Hg Capital has agreed to acquire financial-software provider OneStream in an all-cash transaction that values the company at about $6.4 billion, sending OneStream shares up roughly 28% on the announcement.

The offer prices OneStream at $24 per share — about a 31% premium to its close the day before — and converts a public cloud software name back into private hands less than two years after its Nasdaq debut.

The deal and the specifics

Under the agreement, private equity firm Hg will buy the company for $24 a share in cash. Private-equity firm General Atlantic and investment firm Tidemark are expected to take minority stakes alongside Hg. J.P. Morgan Securities served as OneStream’s financial adviser. The companies said the transaction is expected to close in the first half of 2026.

OneStream, based in Birmingham, Michigan, launched in 2012 and went public in July 2024 under majority ownership by KKR. It builds a unified Digital Finance Cloud used by large organizations to consolidate financial reporting, planning and forecasting — and increasingly layers in AI-driven forecasting and automation tools. Customers listed on the company site include Toyota, UPS, News Corp and General Dynamics.

Why private equity moved in

The move fits a broader pattern: mid-sized, subscription-driven software companies have become attractive targets for buyout shops hunting steady recurring revenue and the chance to scale AI investments outside the pressure of public markets. OneStream’s platform competes with financial modules from giants like Oracle, SAP and Workday, but as a focused product it can be easier for an investor to double down on AI features and go-to-market expansion without quarterly market scrutiny.

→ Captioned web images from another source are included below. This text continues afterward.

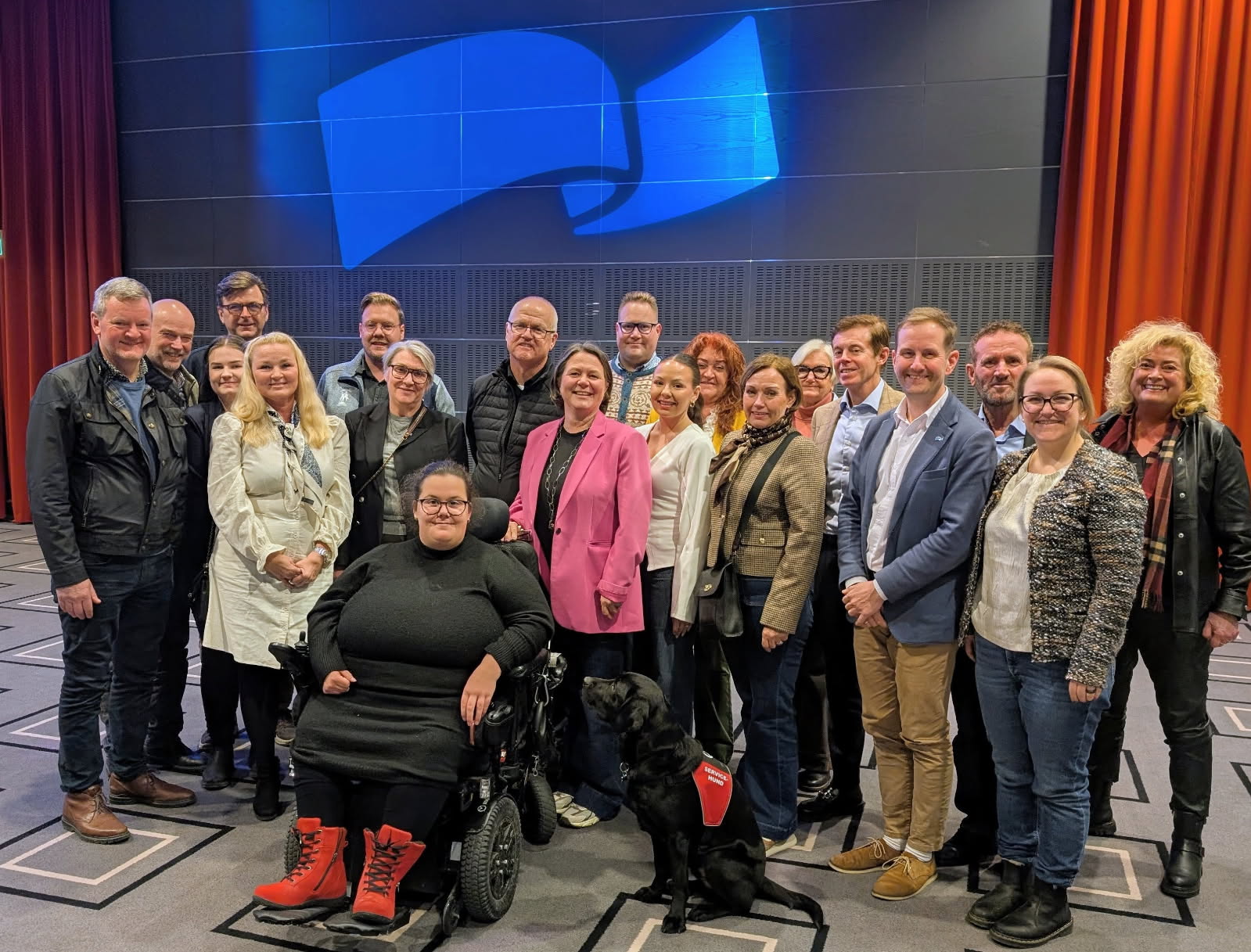 Kan være et bilde av TV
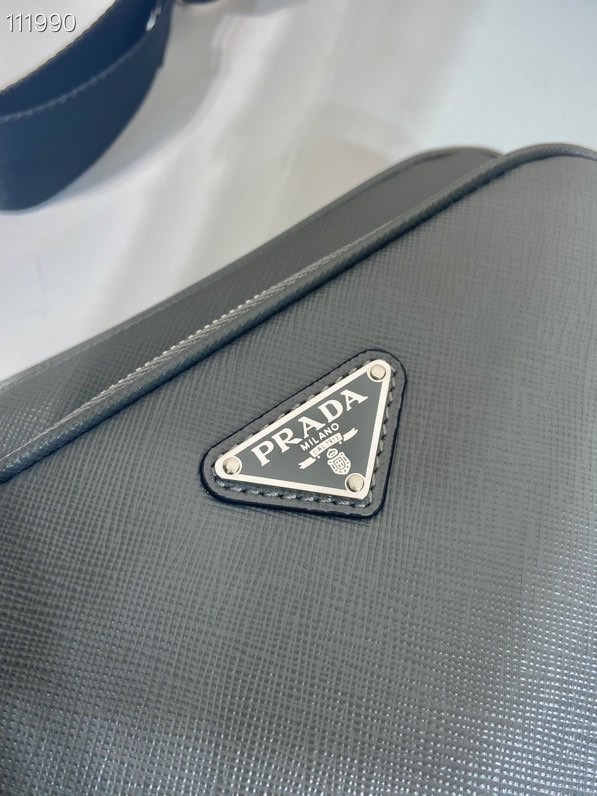 Pra*a shoulder bag-20*13.5*7cm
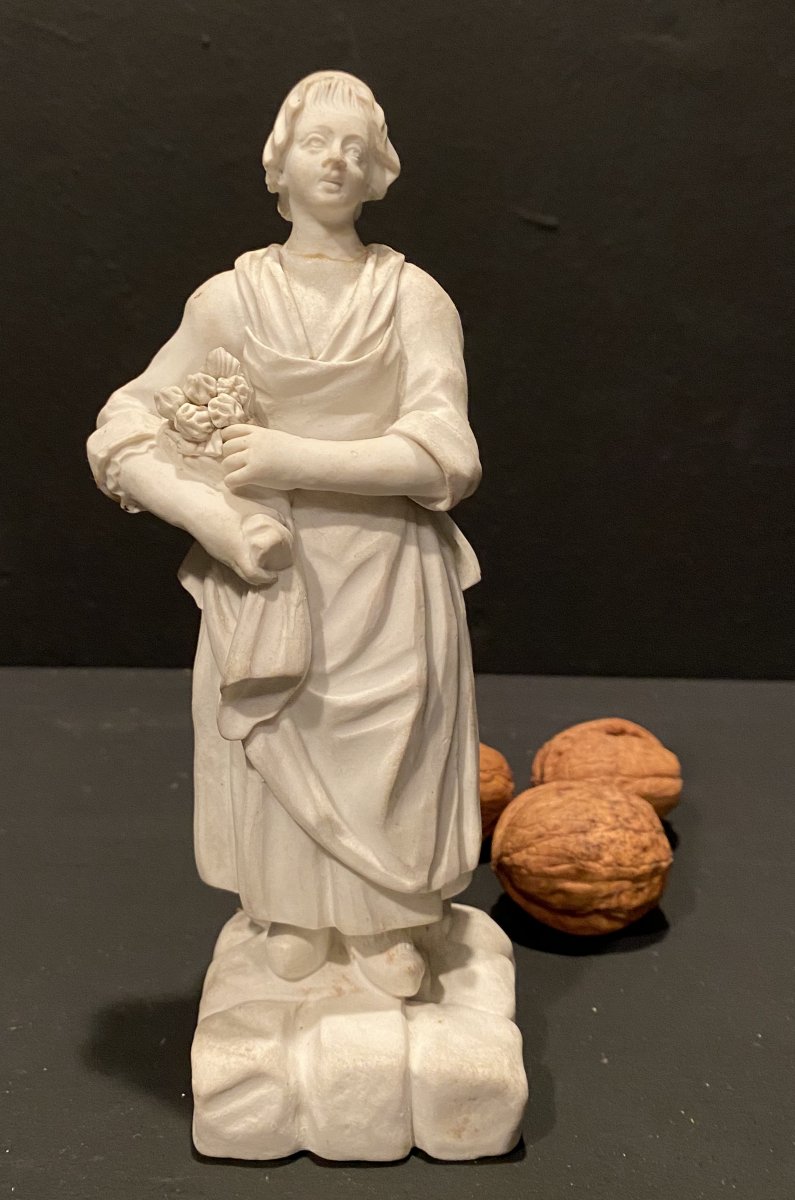 Statuette, Biscuit, Femme Au Panier De Fraises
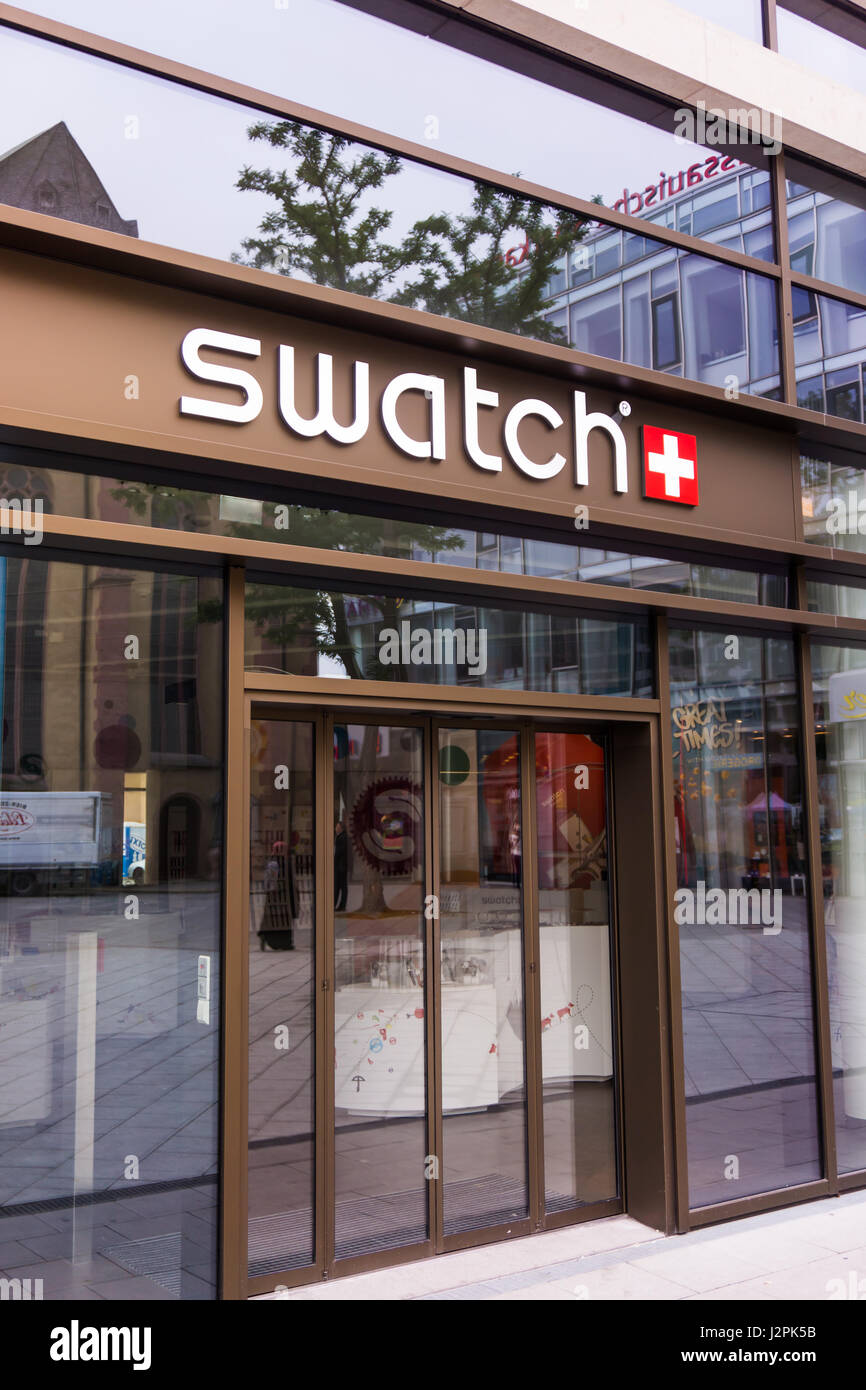Francoforte, Germania - Ottobre 24, 2015: un'uscita di Swatch. La prima raccolta di dodici modelli Swatch è stato introdotto il 1 marzo 1983 a Zurigo, Swi Foto Stock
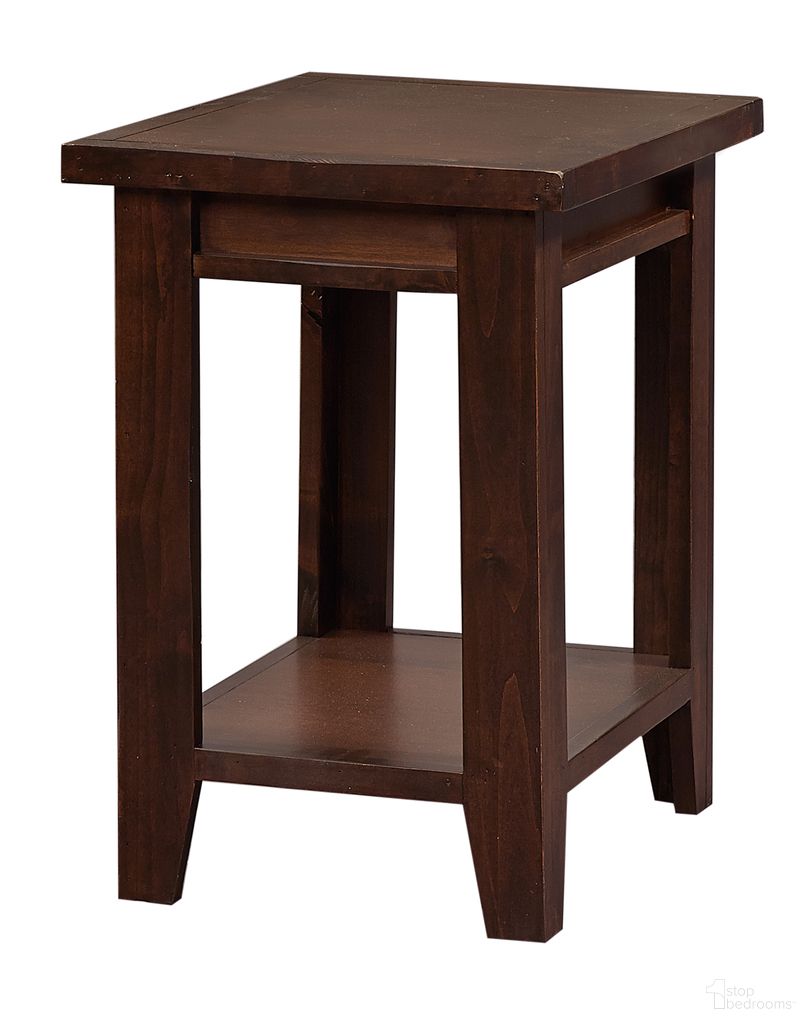 Alder Grove Chairside Table In Tobacco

Hg framed the deal as a way to accelerate OneStream’s AI innovation and scale. That strategic focus echoes trends in enterprise tech where bespoke AI models and tooling are becoming differentiators — a push similar to developments seen elsewhere in the industry, from Microsoft’s in-house models to consumer-facing agentic features in other platforms (Microsoft MAI-Image-1, Google’s AI Mode agentic booking features).

A public-company chapter cut short

OneStream’s IPO debut in mid-2024 priced shares at $26, giving the company an initial market value near $6 billion. But like many growth-oriented tech names, it struggled to maintain that valuation amid a tougher market for software stocks and macroeconomic headwinds. By the time Hg’s bid arrived, the company’s market capitalization had fallen below the IPO-era peak.

Insider trades drew attention

The buyout announcement also shone a light on recent insider activity. According to SEC filings reported by other outlets, Chief Revenue Officer Ken Hohenstein exercised and sold 40,000 options on Dec. 16, 2025, for roughly $688,400. That trade — executed at about $17.21 per share in mid-December — matched a pattern of similar option exercises and, the filings suggest, was conducted under a pre-arranged plan intended to avoid trading on material nonpublic information. Still, such insider moves often prompt extra scrutiny when a takeover follows soon after.

What this means for investors and customers

For public shareholders who stick through the close, the deal effectively caps upside at $24 per share, assuming the transaction completes as expected. For OneStream’s customers and sales pipeline, the immediate effect will likely be modest: enterprise software contracts and roadmaps typically continue under new owners, and private equity buyers often invest to expand product capabilities and sales reach.

Hg’s bet is a familiar one: buy a recurring-revenue software business, invest behind product and AI, and aim to increase scale and profitability away from the quarterly glare. Whether that playbook delivers a stronger OneStream — and a healthy return for the new investors — will become clearer as Hg outlines its post-close plans.

The companies expect to complete the transaction in the first half of 2026, after which OneStream will leave the public markets and operate as a privately held business.